1. The problem statement, all variables and given/known data
Find (∂z/∂x) of 6xyz

2. Relevant equations
N/a

3. The attempt at a solution
The correct answer is 6xy(∂z/∂x) but I would like proof of it. I got something different when I tried taking the partial derivative.

6xyz = 6x(yz) = Multiplication rule for derivatives

6(∂x/∂x) + y(∂z/∂x)

What did I do wrong? Thanks

2. Feb 10, 2015

### Staff: Mentor

Is this the complete problem statement? Generally speaking you don't find "∂z/∂x" of something, and more than you find "dy/dx" of something. You can, however, find the derivative with respect to, say, x of a function (denoted d/dx(f)) or the partial of some function with respect to, say z (denoted ∂/∂x(f).

The symbols ∂z/∂x and dy/dx represent derivatives, whereas the symbols ∂/∂x and d/dx represent operators that can be applied to functions.

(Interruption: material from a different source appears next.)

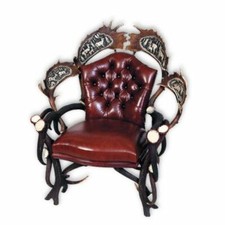 Fauteuil avec vrai bois de cerf et daim. Corne. M: 90x80cm x H 120cm 111107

Please verify that what you're providing is the complete problem statement.

3. Feb 11, 2015

### Calpalned

The full question is find (∂z/∂x) of x3 + y3 + z3 + 6xyz = 1
My textbook says the partial derivative is 3x2 + 3z2(∂z/∂x) + 6xy(∂z/∂x) = 0
I don't get how to take the derivative of the red part.

4. Feb 11, 2015

### Calpalned

The derivative above is from my textbook's solutions guide.

5. Feb 11, 2015

### Staff: Mentor

Corrected to: find (∂z/∂x) of if x3 + y3 + z3 + 6xyz = 1

It looks to me like there's a mistake in the solution guide.
$∂/∂x(x^3) = 3x^2$ and $∂/∂x(y^3) = 0$ and $∂/∂x(z^3) = 3z^2 ∂z/∂x$

BUT
$∂/∂x(6xyz) = 6yz$ if z is independent of x, in which case ∂z/∂x would be 0. However, if z is dependent on x, you need to use the product rule. Since you're asked to find ∂z/∂x, it must be the case that z is a function of x (is dependent on x).